Plenty of lifts serve Snowbird, including four high-speed quads and a tram that can ferry up to 125 skiers at a time to the top of Peruvian Gulch. The runs here are long, too, meaning that you don't have to hop a lift every few minutes. Unless it's a powder day (when all the locals call in sick and head for the mountains), lines are rarely a problem, especially midweek. The one place that does get crowded is the tram; lines can be quite long here, especially first thing in the morning and just after lunchtime. But the tram really is the way to get up the mountain quickly, with access to the best territory.
Twenty-seven percent of the runs are classed as beginner, 38 percent intermediate, and 35 percent advanced. Plenty of ungroomed areas lie in the backcountry, too. Snowbird's ski and snowboard schools and separate "bunny hill" make it a good place to learn. The longest run is 3.5 miles and drops 3,200 feet. Guided ski tours of about two hours (free with lift-ticket purchase) leave from the Snowbird Plaza deck daily at 9:30 and 10:30 a.m. and tour mostly blue runs.

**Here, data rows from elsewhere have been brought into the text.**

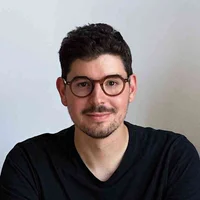 Yuri Mihaileanu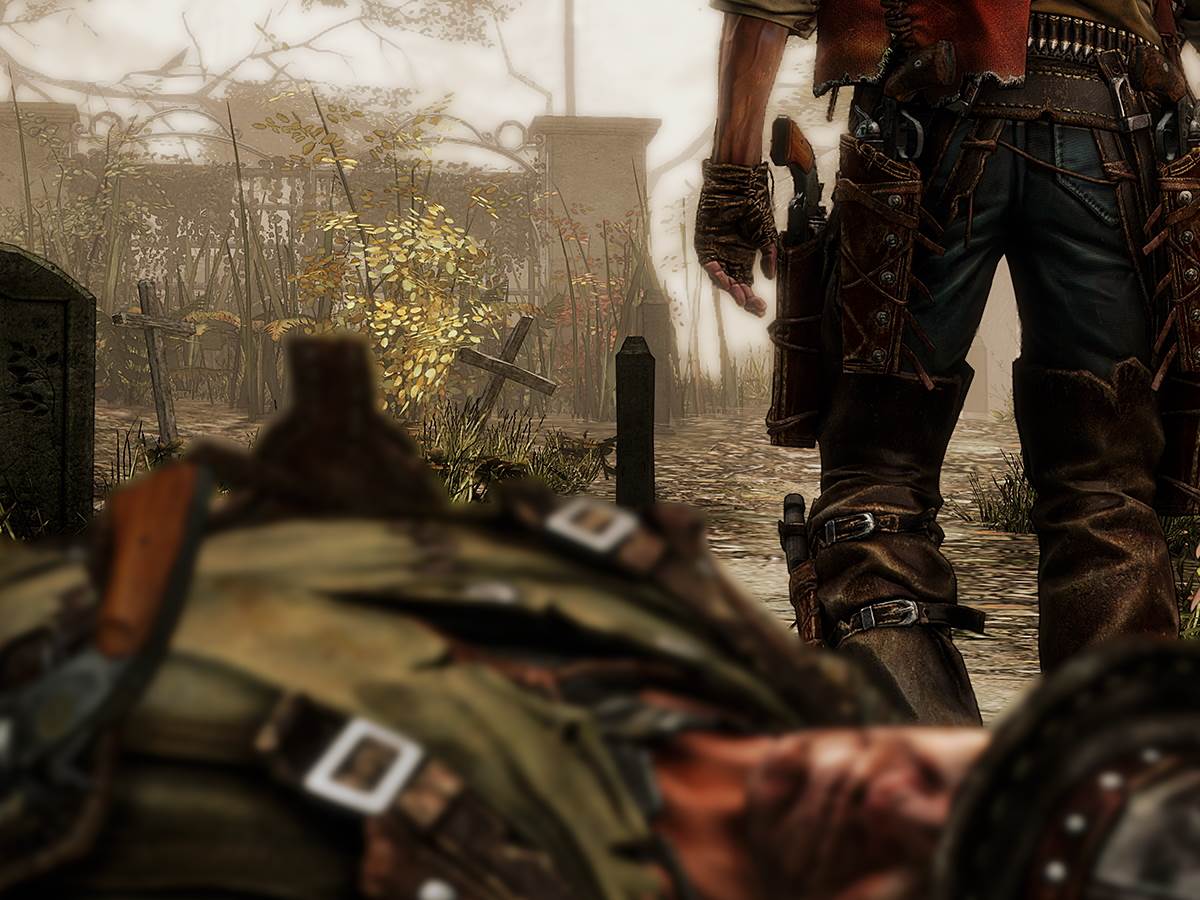 Call of Juarez Gunslinger 7.jpg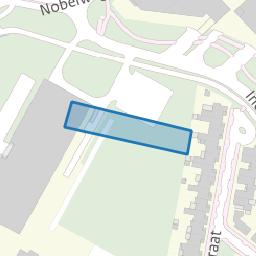 Perceel ECH00-M-2499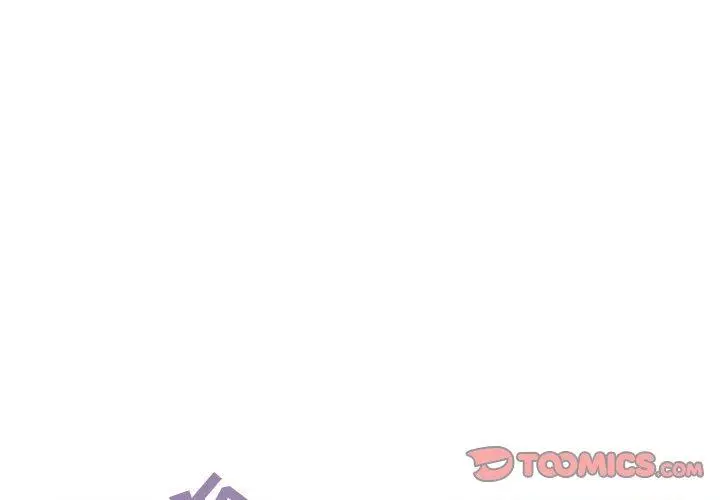 漫画《欢迎进入梦幻直播间》第61话第3张图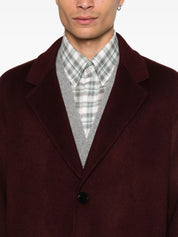 AMARANTO - Cappotti - B6F0022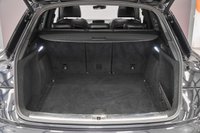 USED 2020 20 AUDI Q5 3.0 SQ5 TDI QUATTRO MHEV 5d 343 BHP + NATIONWIDE HOME DELIVERY +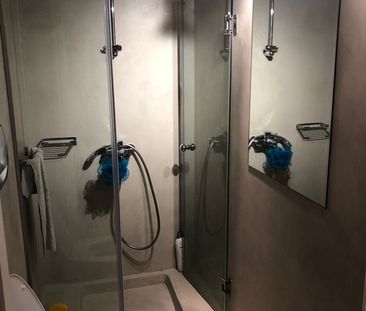 Maisonette for rent - Photo 6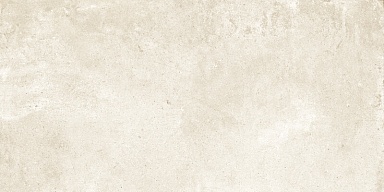 Керамогранит Delacora D120211M Walter Beige карвинг 600x1200x9.5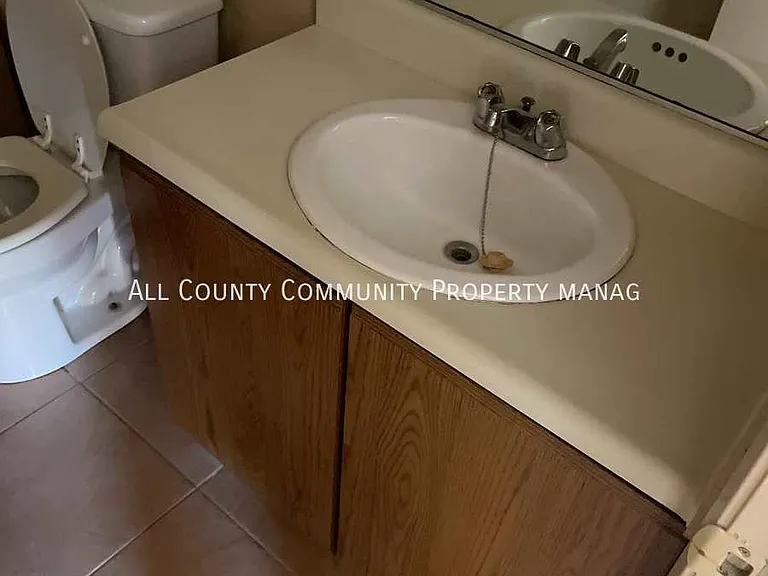 73856 Sunnyvale Dr #B — Photo 11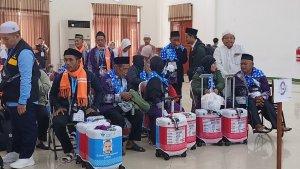 pelepasan-182-jemaah-calon-haji.jpg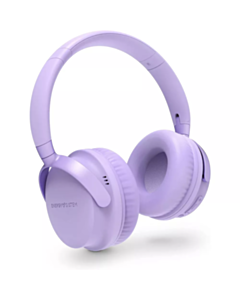 Наушники Headphones Energy Sistem BT Style 3 Lavender / 453054 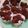 Cooksnap dari Nita Sumirat untuk resep Bolu Kukus Tepung Beras Coklat Eggless #Maree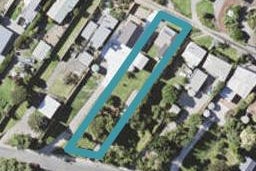 55 Carlton Crescent, Maraetai, Auckland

Snowboarders can find a terrain park on the Big Emma run, under the Mid-Gad lift. The terrain itself, with lots of natural chutes, lends itself to snowboarding.
Skiers and snowboarders alike should be sure to check out the Mineral Basin area. Reach it by taking the tram to the top of Hidden Peak (11,000 feet) and then heading over to the back side of the mountain, or by riding the Peruvian Express lift and then riding a "magic carpet" through a 600-foot-long tunnel to Mineral Basin. Two high-speed quads serve a great network of runs on this side of the mountain.

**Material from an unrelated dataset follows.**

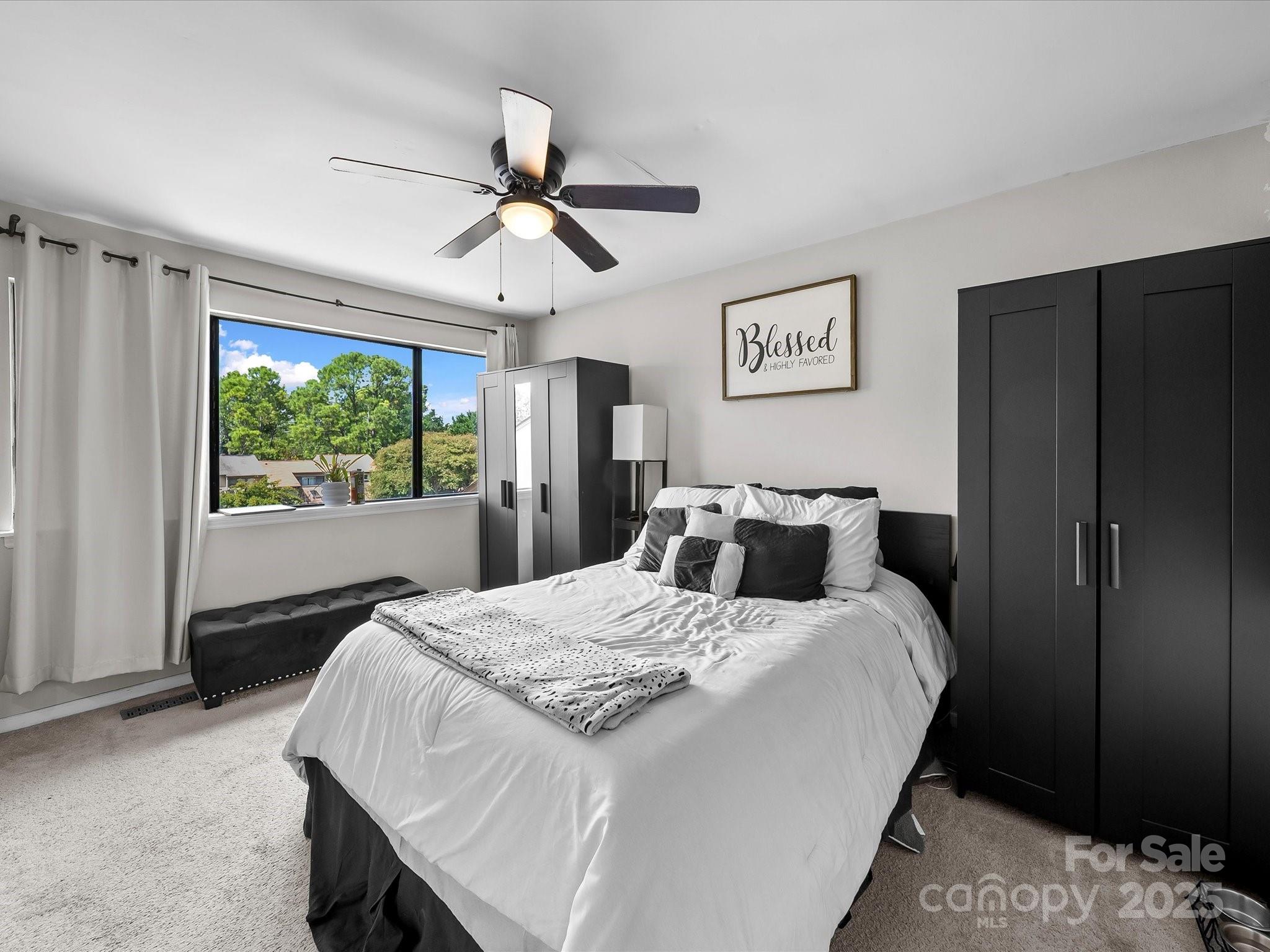 8041 Charter Oak Lane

Wasatch Powderbird Guides (801/742-2800, www.powderbird.com) offers helicopter skiing in the peaks above the regular runs; rates run around $1,000.
Snowbird also offers a number of adaptive ski programs (www.wasatchadaptivesports.com). Sit-skis, mono-skis, and outriggers make skiing possible for athletes with mobility impairments. Instruction and programs are available for both children and adults.
In addition to its ski school, Snowbird offers rentals, a wide selection of shops, restaurants, snack bars, four lodges, swimming pools, health spa, and child-care services.
The exceptionally long season at Snowbird runs mid-November through May, though many lifts close by May 1. Even confirmed Alta skiers head to Snowbird for their late spring skiing.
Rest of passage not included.